Onttrekking algemene reserve
In het Bestuurlijk Overleg Financiële Verhoudingen hebben de VNG, provincies en het Rijk afgesproken dat gemeenten onder bepaalde voorwaarden een deel van de algemene reserve (incidentele middelen) mogen inzetten ter dekking van structurele lasten. De maatregel is geen oplossing voor structurele tekorten, maar geeft gemeenten meer tijd om structurele knelpunten op te lossen. Of en in hoeverre we deze maatregel daadwerkelijk inzetten wordt in overleg met de Provincie bij de Begroting 2025 betrokken.

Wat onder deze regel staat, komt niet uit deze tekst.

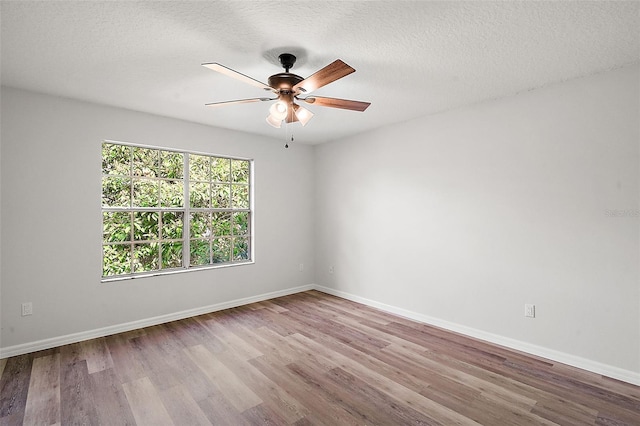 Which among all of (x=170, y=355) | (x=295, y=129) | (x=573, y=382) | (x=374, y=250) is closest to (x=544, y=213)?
(x=573, y=382)

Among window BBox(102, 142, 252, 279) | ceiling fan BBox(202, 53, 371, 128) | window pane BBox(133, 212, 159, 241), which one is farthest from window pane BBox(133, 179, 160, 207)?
ceiling fan BBox(202, 53, 371, 128)

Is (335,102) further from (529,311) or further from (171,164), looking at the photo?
(529,311)

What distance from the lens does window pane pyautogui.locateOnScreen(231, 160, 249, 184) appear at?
4.63m

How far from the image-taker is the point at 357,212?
475cm

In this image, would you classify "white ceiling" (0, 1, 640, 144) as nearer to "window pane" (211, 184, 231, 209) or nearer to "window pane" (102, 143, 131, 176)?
"window pane" (102, 143, 131, 176)

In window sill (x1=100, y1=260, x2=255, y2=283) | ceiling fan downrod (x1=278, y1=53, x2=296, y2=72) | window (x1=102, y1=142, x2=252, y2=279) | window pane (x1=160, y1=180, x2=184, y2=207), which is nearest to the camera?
ceiling fan downrod (x1=278, y1=53, x2=296, y2=72)

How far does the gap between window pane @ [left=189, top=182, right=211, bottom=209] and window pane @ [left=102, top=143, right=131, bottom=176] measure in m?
0.76

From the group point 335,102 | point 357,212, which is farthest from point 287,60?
point 357,212

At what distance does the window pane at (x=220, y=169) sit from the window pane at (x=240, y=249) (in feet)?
→ 2.98

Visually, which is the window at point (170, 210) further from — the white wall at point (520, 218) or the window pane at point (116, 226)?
the white wall at point (520, 218)

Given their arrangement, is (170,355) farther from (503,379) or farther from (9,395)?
(503,379)

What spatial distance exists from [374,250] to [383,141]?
1532 millimetres

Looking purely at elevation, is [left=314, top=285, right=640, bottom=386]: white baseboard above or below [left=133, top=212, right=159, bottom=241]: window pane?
below

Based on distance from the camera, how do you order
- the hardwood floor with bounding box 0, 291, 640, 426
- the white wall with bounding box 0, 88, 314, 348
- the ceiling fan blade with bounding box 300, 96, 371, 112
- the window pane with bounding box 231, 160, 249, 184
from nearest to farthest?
the hardwood floor with bounding box 0, 291, 640, 426
the ceiling fan blade with bounding box 300, 96, 371, 112
the white wall with bounding box 0, 88, 314, 348
the window pane with bounding box 231, 160, 249, 184
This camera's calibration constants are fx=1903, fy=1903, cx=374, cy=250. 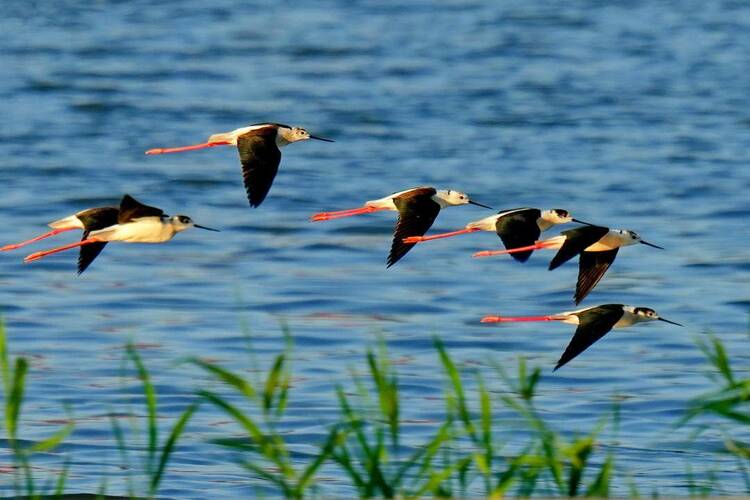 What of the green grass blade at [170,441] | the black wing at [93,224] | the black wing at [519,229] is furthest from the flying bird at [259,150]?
the green grass blade at [170,441]

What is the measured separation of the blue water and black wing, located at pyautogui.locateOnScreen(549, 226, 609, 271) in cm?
139

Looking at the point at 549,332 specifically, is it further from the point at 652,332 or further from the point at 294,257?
the point at 294,257

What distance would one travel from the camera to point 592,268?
690 centimetres

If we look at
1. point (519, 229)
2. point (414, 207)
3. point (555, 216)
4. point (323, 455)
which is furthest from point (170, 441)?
point (555, 216)

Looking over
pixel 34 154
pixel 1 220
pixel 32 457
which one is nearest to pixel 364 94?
pixel 34 154

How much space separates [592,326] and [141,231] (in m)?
1.59

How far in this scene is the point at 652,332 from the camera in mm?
12875

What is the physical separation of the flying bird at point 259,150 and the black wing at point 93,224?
296mm

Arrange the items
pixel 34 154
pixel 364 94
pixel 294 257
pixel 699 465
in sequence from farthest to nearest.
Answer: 1. pixel 364 94
2. pixel 34 154
3. pixel 294 257
4. pixel 699 465

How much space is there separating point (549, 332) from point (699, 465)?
11.7 feet

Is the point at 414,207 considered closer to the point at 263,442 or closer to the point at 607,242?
the point at 607,242

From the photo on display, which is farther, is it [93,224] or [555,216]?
[555,216]

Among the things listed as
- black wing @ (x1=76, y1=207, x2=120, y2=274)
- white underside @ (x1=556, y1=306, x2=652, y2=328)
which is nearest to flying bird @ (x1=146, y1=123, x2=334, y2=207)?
black wing @ (x1=76, y1=207, x2=120, y2=274)

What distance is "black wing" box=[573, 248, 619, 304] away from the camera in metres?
→ 6.68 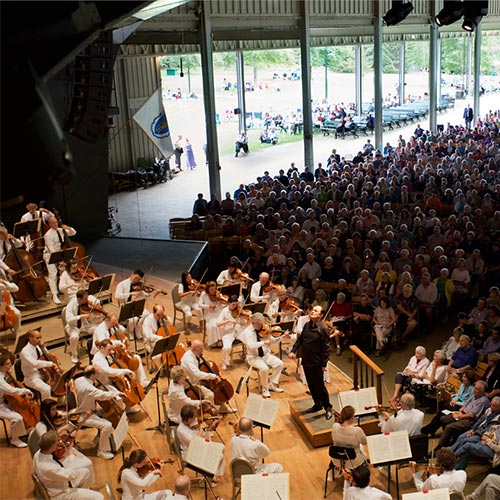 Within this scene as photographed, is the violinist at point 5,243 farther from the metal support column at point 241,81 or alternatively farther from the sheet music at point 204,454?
the metal support column at point 241,81

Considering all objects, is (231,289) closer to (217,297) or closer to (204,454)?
(217,297)

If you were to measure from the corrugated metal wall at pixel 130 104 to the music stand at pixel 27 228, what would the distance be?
39.5ft

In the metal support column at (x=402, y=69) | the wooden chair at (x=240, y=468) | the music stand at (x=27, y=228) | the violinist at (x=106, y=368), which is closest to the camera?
the wooden chair at (x=240, y=468)

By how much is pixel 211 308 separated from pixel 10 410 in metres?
3.56

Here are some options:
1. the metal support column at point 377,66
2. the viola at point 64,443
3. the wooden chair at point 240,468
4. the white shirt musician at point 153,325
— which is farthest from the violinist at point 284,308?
the metal support column at point 377,66

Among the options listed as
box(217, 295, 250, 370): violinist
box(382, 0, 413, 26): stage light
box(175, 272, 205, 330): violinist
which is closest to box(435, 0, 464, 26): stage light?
box(382, 0, 413, 26): stage light

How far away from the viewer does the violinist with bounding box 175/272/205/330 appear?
11.3m

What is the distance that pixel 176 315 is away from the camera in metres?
12.1

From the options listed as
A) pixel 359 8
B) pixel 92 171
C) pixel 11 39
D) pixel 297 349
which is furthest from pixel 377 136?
pixel 11 39

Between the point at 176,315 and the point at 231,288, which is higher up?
the point at 231,288

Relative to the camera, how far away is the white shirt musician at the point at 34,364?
834 cm

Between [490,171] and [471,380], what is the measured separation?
33.3ft

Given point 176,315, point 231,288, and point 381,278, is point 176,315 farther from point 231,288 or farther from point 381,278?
point 381,278

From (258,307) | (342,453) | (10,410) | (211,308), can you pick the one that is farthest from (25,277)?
(342,453)
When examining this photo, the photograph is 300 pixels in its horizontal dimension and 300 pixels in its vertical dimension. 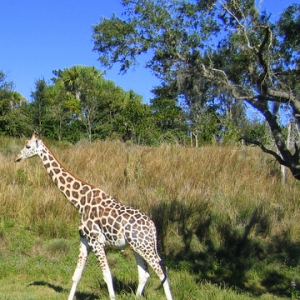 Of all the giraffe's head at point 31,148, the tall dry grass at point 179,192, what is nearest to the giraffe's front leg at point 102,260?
the giraffe's head at point 31,148

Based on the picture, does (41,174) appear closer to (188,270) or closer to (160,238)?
(160,238)

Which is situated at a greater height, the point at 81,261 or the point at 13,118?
the point at 13,118

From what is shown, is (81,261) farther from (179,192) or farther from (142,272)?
(179,192)

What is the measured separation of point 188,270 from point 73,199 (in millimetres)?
3286

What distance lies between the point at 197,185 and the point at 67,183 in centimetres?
612

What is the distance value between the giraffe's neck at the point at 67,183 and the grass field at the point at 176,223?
1593mm

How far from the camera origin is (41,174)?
45.8 ft

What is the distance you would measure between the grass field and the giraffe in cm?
64

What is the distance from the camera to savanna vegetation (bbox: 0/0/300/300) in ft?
22.2

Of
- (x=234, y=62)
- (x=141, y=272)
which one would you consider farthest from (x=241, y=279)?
(x=234, y=62)

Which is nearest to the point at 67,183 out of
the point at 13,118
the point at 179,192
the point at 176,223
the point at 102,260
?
the point at 102,260

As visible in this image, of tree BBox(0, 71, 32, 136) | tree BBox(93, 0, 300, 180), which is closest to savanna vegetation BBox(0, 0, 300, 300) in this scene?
tree BBox(93, 0, 300, 180)

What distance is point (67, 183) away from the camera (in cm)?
769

Het tekort wordt voor een groot deel veroorzaakt door stijgende kosten in het sociaal domein. Om negatieve financiële effecten in het sociaal domein op te kunnen vangen is in het verleden de reserve sociaal domein ingesteld. Indien er vanuit de hiervoor genoemde maatregel een onttrekking uit de algemene reserve zal worden gedaan, zal daarom de algemene reserve voor het gelijke bedrag worden aangevuld vanuit de reserve sociaal domein.
Organisatie
In hoofdstuk 3 hebben we geschetst dat we een investering in de organisatie mogelijk achten. De achtergrond daarvan is dat we als organisatie staan voor grote opgaven en tegelijk een bijdrage willen leveren aan het verkleinen van het tekort. We werken een plan uit waar beide elementen in naar voren komen. Het rendement van de investering van incidentele middelen is een stapsgewijze netto structurele besparing op de organisatie van 500.000 euro per jaar gedurende drie jaar, waardoor er vanaf 2028 een structurele netto besparing gerealiseerd wordt van 1,5 miljoen euro.

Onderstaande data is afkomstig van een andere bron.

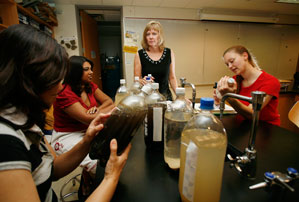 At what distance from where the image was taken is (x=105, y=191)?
20.0 inches

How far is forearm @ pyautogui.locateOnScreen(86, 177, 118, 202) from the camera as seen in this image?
495 mm

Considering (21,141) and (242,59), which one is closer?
(21,141)

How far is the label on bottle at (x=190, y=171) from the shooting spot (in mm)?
401

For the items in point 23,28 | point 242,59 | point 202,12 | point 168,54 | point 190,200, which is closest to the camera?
point 190,200

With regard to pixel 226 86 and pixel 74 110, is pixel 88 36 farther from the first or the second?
pixel 226 86

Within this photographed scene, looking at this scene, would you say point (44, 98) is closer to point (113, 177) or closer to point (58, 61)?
point (58, 61)

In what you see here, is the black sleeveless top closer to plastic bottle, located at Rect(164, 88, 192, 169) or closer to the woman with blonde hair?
the woman with blonde hair

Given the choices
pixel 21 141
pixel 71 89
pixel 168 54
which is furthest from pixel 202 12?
pixel 21 141

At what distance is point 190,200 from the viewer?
438 mm

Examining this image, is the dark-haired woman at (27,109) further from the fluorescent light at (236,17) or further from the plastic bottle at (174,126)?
the fluorescent light at (236,17)

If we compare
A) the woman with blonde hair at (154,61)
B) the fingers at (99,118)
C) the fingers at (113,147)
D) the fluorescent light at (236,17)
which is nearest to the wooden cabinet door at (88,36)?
the woman with blonde hair at (154,61)

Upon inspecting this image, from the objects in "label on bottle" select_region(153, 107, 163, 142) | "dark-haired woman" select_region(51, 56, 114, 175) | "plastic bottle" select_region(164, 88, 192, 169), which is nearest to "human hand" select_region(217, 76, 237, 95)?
"plastic bottle" select_region(164, 88, 192, 169)

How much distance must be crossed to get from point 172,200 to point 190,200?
76 millimetres

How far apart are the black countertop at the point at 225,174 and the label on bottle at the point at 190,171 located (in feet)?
0.27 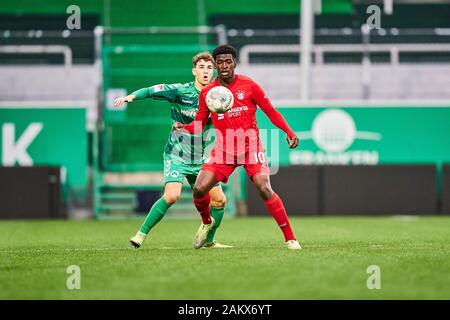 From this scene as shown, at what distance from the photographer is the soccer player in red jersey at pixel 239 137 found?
33.4 ft

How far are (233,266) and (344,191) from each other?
1155 centimetres

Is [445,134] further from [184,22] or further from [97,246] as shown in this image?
[97,246]

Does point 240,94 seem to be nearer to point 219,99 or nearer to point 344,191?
point 219,99

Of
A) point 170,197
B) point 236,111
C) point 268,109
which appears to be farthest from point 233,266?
point 170,197

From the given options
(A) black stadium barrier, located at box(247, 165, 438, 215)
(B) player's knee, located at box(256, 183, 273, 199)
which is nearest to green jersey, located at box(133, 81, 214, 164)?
(B) player's knee, located at box(256, 183, 273, 199)

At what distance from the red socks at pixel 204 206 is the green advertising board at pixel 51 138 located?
9859 mm

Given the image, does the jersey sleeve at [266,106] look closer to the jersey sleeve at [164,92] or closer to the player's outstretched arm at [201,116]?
the player's outstretched arm at [201,116]

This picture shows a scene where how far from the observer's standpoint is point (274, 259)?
919 cm

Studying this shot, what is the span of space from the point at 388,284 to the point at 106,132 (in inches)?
558

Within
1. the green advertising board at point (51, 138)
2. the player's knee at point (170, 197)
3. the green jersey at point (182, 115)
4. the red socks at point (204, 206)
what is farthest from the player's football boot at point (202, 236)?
the green advertising board at point (51, 138)

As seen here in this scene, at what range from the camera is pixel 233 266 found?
8.66 meters

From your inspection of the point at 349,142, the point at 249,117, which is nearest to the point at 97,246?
the point at 249,117

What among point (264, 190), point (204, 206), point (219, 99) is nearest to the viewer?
point (219, 99)

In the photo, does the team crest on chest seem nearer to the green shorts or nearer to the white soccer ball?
the white soccer ball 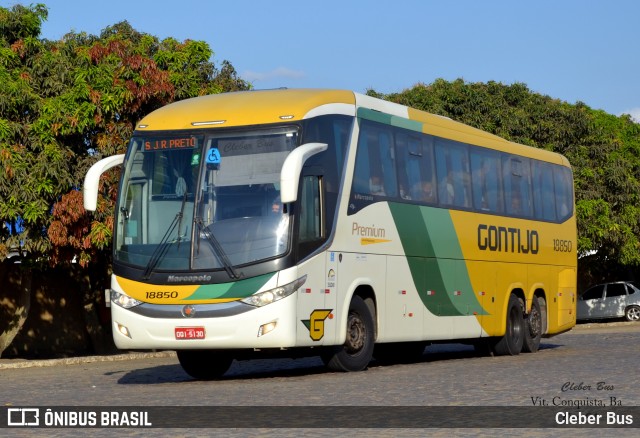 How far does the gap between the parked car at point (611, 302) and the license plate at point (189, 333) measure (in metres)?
32.8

Overig uit te werken maatregelen Begroting 2025
Voor de Begroting 2025 willen wij concrete aanvullende voorstellen doen om een structureel sluitende jaarschijf 2025 te realiseren. Zo willen wij richting de Begroting 2025 de indexatie van subsidies tegen het licht houden.

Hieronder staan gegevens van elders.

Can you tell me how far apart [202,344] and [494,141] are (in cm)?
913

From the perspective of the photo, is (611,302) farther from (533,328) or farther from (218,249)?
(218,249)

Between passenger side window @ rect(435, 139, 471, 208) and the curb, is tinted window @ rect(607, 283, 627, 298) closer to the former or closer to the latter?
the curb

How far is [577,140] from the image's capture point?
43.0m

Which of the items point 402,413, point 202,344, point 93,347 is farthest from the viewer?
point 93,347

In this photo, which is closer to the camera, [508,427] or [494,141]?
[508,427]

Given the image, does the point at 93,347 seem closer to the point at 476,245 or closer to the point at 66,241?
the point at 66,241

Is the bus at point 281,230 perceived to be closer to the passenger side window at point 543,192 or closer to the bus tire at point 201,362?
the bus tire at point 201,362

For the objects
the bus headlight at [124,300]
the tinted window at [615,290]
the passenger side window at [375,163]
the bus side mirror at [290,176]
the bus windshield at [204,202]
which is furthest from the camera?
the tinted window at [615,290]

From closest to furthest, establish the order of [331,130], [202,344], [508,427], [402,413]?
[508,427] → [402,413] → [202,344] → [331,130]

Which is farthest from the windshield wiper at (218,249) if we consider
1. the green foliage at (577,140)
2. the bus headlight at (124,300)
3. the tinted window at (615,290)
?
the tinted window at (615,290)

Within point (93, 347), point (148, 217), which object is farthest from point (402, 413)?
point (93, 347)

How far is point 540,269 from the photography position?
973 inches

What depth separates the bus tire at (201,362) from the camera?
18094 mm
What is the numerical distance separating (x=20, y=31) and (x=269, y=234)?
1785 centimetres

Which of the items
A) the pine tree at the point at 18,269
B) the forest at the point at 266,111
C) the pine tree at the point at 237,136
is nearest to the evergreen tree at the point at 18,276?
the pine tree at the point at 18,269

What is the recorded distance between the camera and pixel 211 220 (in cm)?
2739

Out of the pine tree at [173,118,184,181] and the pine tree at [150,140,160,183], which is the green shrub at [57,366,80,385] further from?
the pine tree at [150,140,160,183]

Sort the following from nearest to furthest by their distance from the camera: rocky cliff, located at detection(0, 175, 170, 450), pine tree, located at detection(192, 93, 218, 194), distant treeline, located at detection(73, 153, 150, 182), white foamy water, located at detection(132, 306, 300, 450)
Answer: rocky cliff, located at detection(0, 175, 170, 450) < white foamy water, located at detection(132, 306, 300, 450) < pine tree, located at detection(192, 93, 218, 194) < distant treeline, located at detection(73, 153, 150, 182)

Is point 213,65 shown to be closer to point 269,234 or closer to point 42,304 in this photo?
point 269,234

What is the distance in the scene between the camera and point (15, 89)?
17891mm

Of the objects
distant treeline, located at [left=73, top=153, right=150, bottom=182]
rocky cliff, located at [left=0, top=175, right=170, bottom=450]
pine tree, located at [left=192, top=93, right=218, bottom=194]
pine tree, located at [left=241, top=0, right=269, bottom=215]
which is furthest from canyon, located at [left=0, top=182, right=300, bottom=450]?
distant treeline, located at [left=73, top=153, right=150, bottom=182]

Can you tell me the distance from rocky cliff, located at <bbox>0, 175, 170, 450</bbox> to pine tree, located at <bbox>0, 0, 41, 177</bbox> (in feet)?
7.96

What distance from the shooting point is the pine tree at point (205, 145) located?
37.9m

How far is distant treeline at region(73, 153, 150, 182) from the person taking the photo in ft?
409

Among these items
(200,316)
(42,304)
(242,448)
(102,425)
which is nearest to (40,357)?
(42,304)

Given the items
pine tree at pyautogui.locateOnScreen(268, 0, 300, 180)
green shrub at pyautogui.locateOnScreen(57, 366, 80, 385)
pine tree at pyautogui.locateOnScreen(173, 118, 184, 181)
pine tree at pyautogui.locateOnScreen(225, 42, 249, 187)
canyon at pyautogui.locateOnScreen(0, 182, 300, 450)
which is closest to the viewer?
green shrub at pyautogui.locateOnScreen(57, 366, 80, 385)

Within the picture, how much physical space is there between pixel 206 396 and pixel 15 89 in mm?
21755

In de voorjaarsnota heeft het kabinet aangegeven dat ze het aantal specifieke uitkeringen (SPUK's) wil verminderen door een aantal SPUK's op te nemen in het gemeentefonds. Het kabinet handelt hier vanuit het principe dat financiële middelen vanuit het Rijk aan medeoverheden bij voorkeur bestedingsvrij en zonder oormerk ter beschikking gesteld worden. De activiteiten en bijbehorende budgetten die gekoppeld zijn aan de desbetreffende SPUK's willen wij heroverwegen, zodat een integrale afweging plaats kan vinden over de inzet van deze middelen. Op dit moment is onduidelijk wanneer bekend wordt welke SPUK's het betreft. Het is dus ook niet zeker in hoeverre dit al bij de Begroting 2025 betrokken kan worden.
Daarnaast is er nog een aantal andere maatregelen die wij richting de Begroting 2025 willen onderzoeken, zoals het temporiseren van geplande investeringen en het herijken van een aantal werkbudgetten.